I would like to say it always gets better. To say that raising children on your own is satisfying and rewarding on its own and you will have a beautiful fairy wonderland of a life after your children move out of your house and continue their own lives. Sometimes that happens, sometimes they hug you and say “thank you mom” and leave you to go be awesome, like you taught them.
But as a single parent, when they move out and go out into the wild blue yonder to start their lives, that also means that you are left alone. It means you spent all your time supporting them and checking homework, going to PTA meetings and football games and band concerts instead of looking for dates. It means that you lived your life for your kids for so long, that you don’t know what to do when that stops.
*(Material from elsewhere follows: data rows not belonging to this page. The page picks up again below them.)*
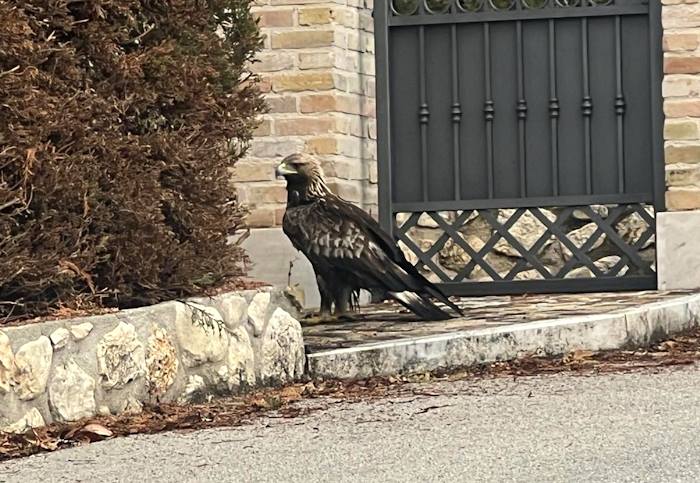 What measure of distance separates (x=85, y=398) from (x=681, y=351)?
3.46 m

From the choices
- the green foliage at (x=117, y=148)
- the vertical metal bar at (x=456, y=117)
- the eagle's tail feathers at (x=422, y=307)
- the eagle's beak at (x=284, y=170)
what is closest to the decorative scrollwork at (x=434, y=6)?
the vertical metal bar at (x=456, y=117)

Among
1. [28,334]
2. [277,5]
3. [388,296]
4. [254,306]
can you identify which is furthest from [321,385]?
[277,5]

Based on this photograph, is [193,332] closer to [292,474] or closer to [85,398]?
[85,398]

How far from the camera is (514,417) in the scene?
6.14m

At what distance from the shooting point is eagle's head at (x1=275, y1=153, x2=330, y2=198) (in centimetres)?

It is totally ok to feel lonely when that happens. It’s completely understandable that you try to cling to your kid and keep them with you – it’s scary to think of what your life will be like without your kids. It brings the fact you have made it this far without a partner into sharp relief, makes one side of the bed a little colder than usual. It might even frighten you enough to make you want to try internet dating…that’s a scary thought indeed. (do not recommend. 0/10, there’s scary stuff out there.)
But you are ok. This was what was supposed to happen – you are supposed to raise your children to be independent beings who go off into the world and use all the little lessons you taught them to make the world a little brighter and a little better. Your job is done, and you can move into a phase where you don’t have to keep track of your children 100% of the time.
It does get better. Things do eventually settle into a new rhythm, and your heart will stop hurting. I promise. It may or may not involve a new person in your life, but the one piece of advice I can give you is this: don’t seek out a partner to fill the hole your kids left behind when they grew up, or if you’re still in the throes of parenting, to fill a hole your previous partner created. You are a whole person all on your own. You parented a child to adulthood and you did a pretty damned good job.
Don’t forget that, and don’t hitch yourself to a guy/gal/non-binary human just because you’re lonely. You deserve better.